The expected response is the complete listing below, restated exactly, with its pictures omitted.

* Data
──────────────────────────────
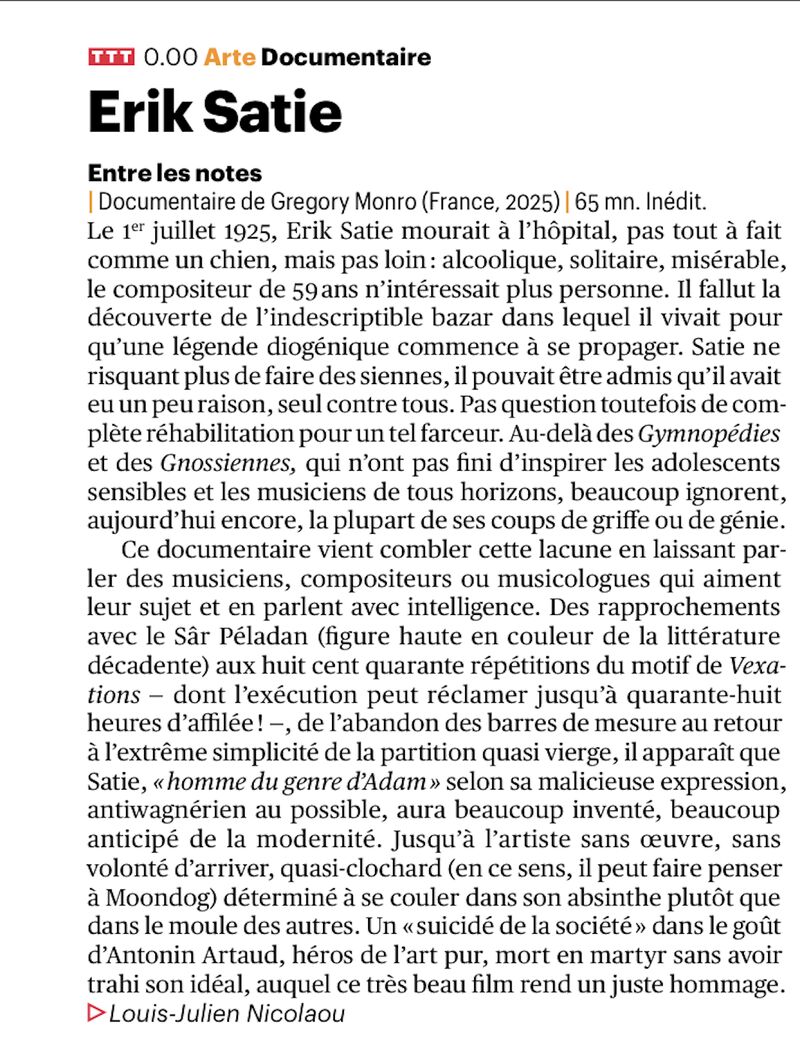 Erik Satie dans Télérama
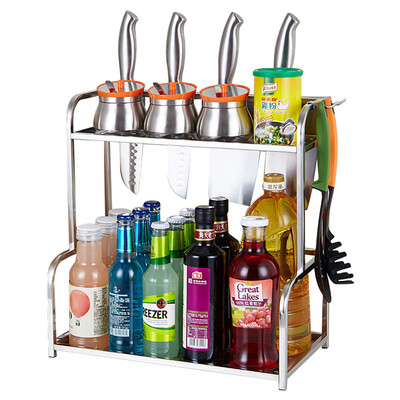 

EDO kitchen double shelves stainless steel spice rack gift 4 hooks TH8037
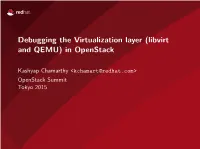 Debugging the Virtualization Layer (Libvirt and QEMU) in Openstack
──────────────────────────────
* Result of this exercise
 Erik Satie dans Télérama

EDO kitchen double shelves stainless steel spice rack gift 4 hooks TH8037
 Debugging the Virtualization Layer (Libvirt and QEMU) in Openstack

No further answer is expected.